REQUIRED WORK: Every record below should be copied exactly, with the pictures left out.

RECORDS TO PROCESS:
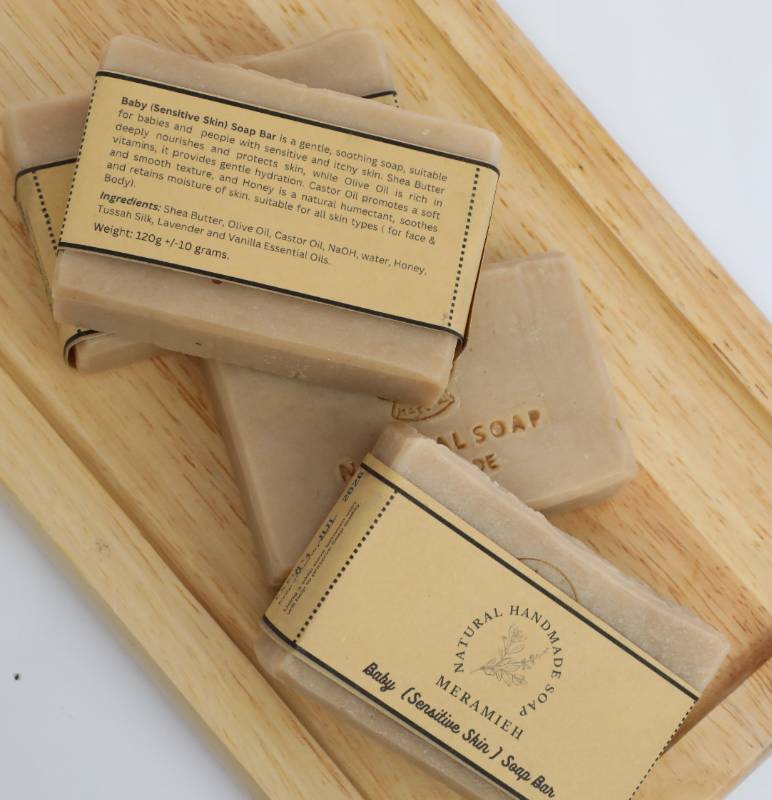 Baby (Sensitive Skin) Soap Bar  صابون الأطفال (البشرة الحساسة)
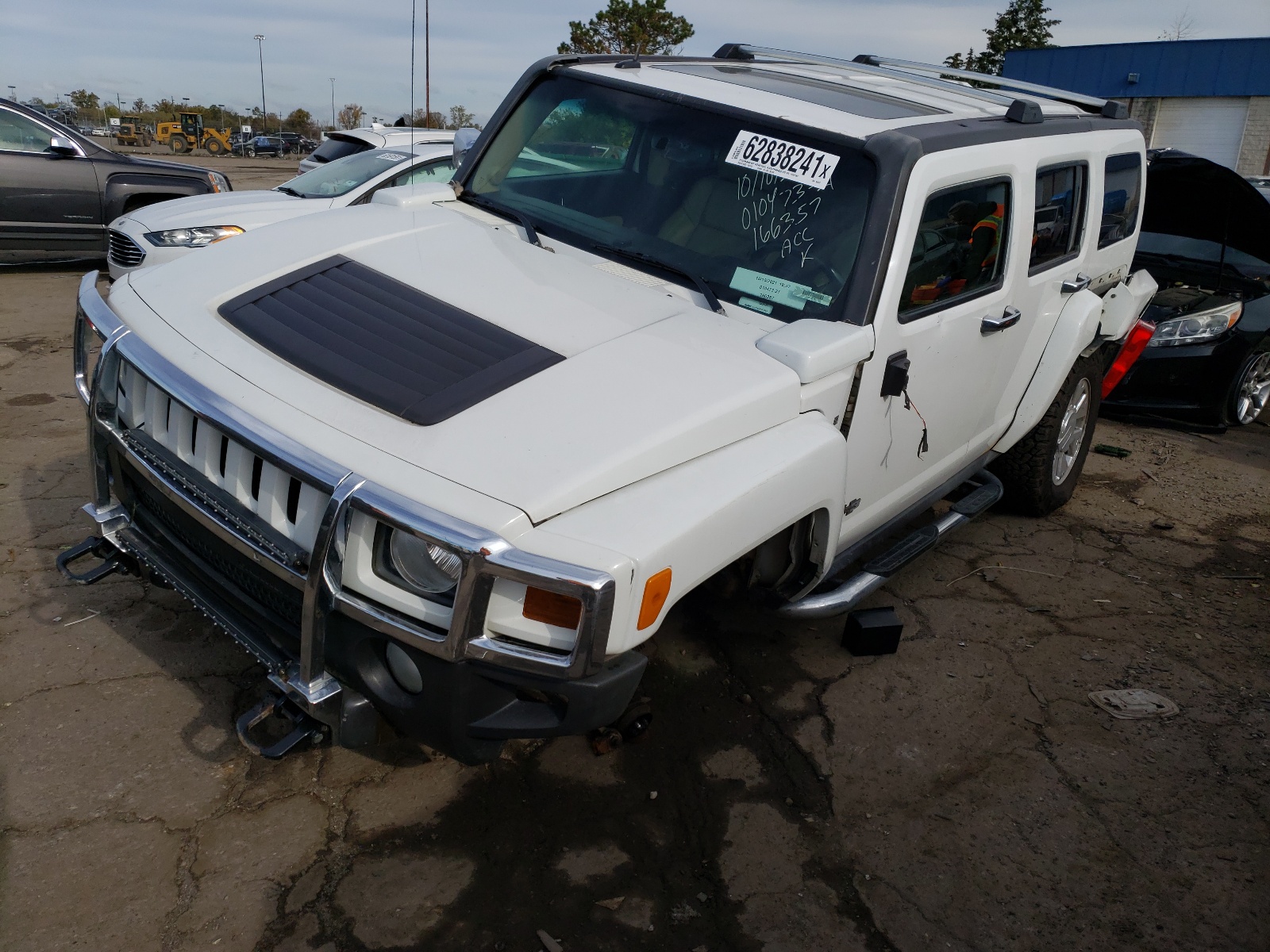 Zdjęcie 2 z aukcji – 2007 HUMMER H3 z VIN 5GTDN13E778166357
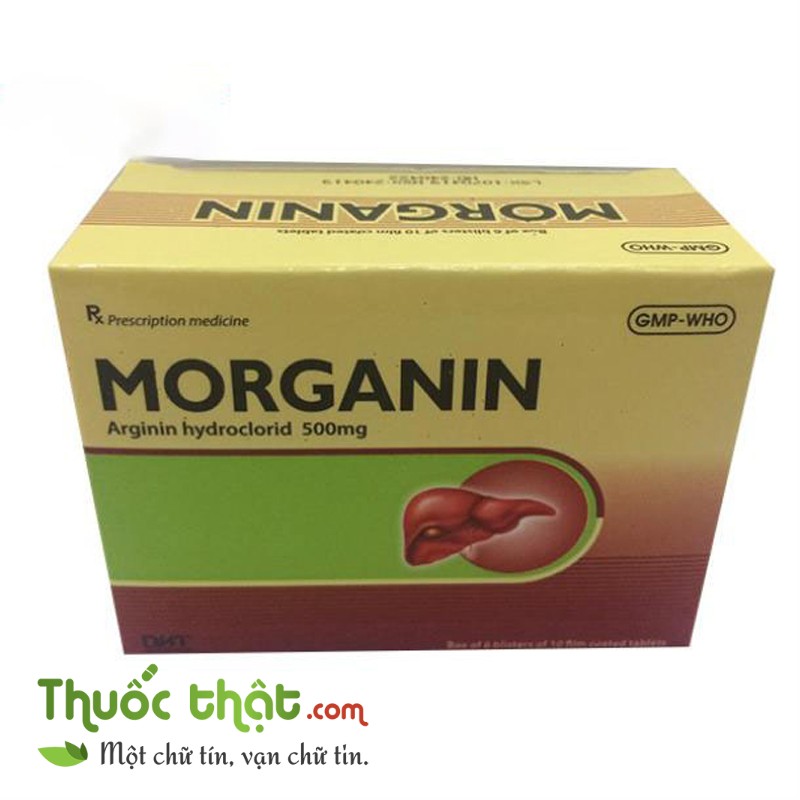 MORGANIN (Arginin hydroclorid)
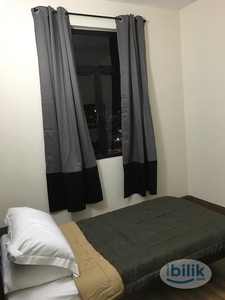 Fully Furnished Room + Private Bath Room for Rent at C180, Cheras South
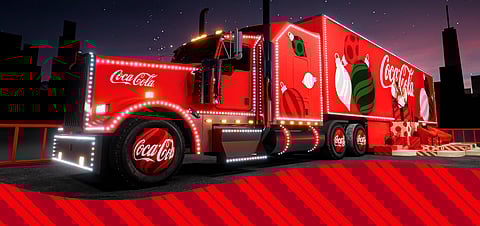 Vuelve la caravana Coca-Cola a Morelia esta navidad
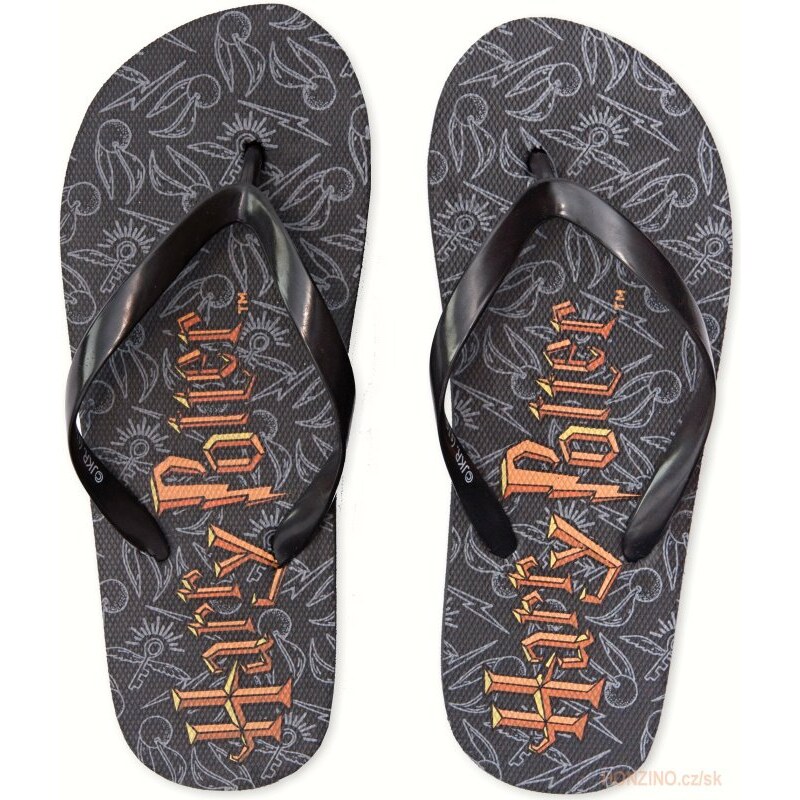 E plus M Plážové žabky Harry Potter 22168064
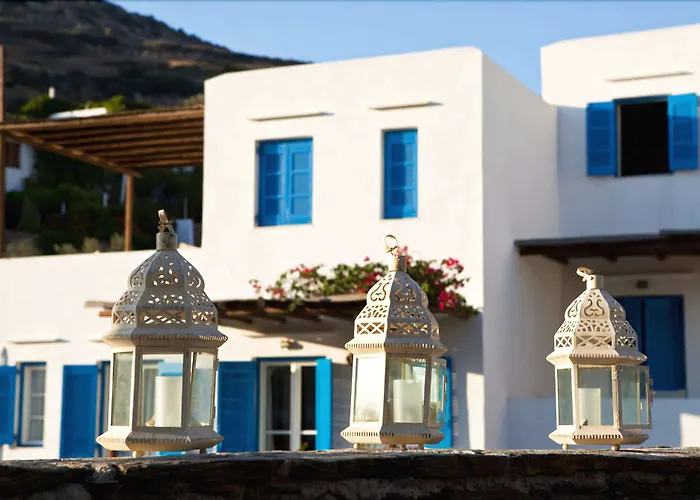 Alexandros Hotel Platis Gialos (Sifnos)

EXERCISE SOLUTION:
 Baby (Sensitive Skin) Soap Bar  صابون الأطفال (البشرة الحساسة)
 Zdjęcie 2 z aukcji – 2007 HUMMER H3 z VIN 5GTDN13E778166357
 MORGANIN (Arginin hydroclorid)
 Fully Furnished Room + Private Bath Room for Rent at C180, Cheras South
 Vuelve la caravana Coca-Cola a Morelia esta navidad
 E plus M Plážové žabky Harry Potter 22168064
 Alexandros Hotel Platis Gialos (Sifnos)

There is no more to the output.